§ Dataset
[Start of Attachment]
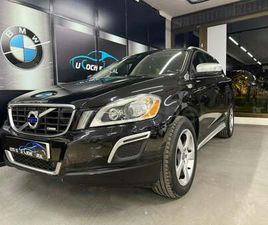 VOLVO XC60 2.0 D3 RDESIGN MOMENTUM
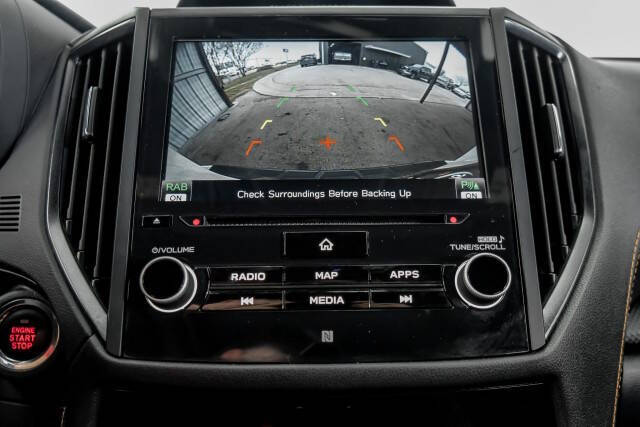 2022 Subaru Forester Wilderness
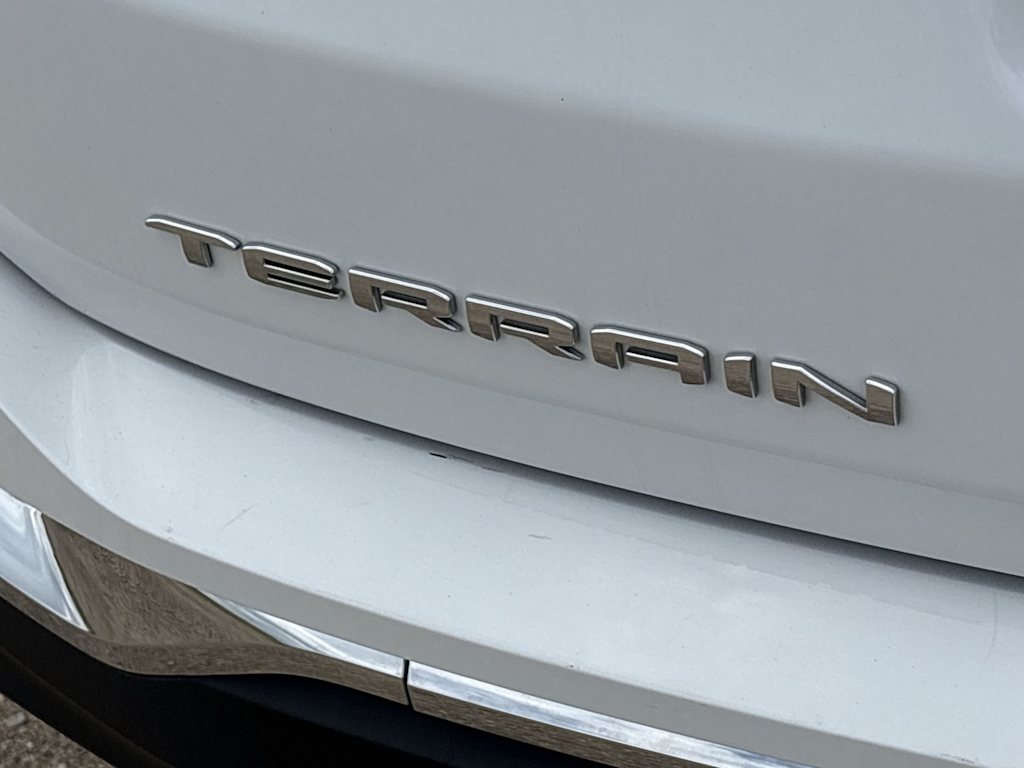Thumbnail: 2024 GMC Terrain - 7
[End of Attachment]
[Start of Attachment]
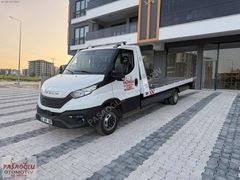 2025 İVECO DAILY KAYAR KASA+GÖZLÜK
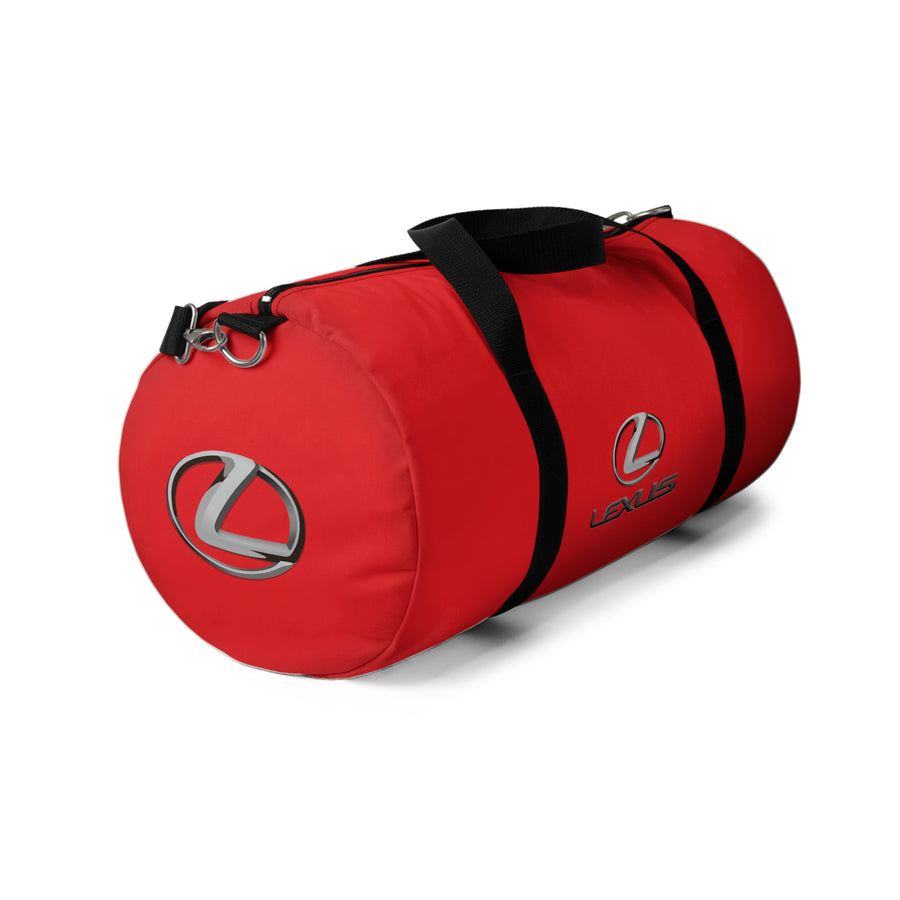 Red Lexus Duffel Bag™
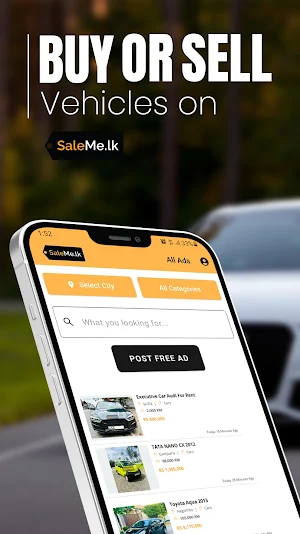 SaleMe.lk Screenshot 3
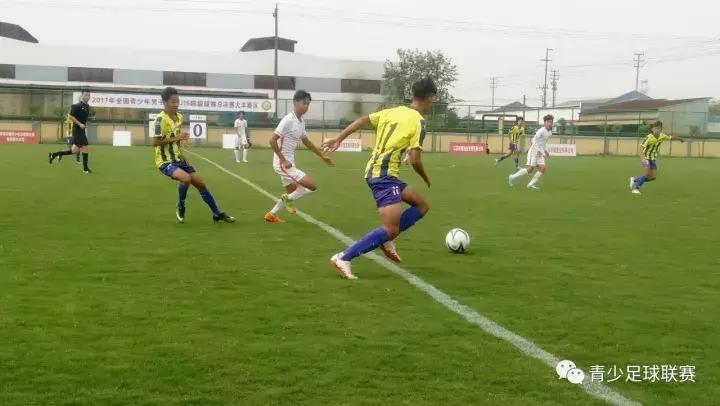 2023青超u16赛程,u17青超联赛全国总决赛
[End of Attachment]
[Start of Attachment]
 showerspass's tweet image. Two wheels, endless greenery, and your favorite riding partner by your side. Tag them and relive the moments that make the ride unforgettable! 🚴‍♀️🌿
[End of Attachment]
What is wanted is an exact copy of the lines above from the one containing "SaleMe.lk Screenshot 3" through the one containing "2023青超u16赛程,u17青超联赛全国总决赛", with no pictures in it.

 SaleMe.lk Screenshot 3
 2023青超u16赛程,u17青超联赛全国总决赛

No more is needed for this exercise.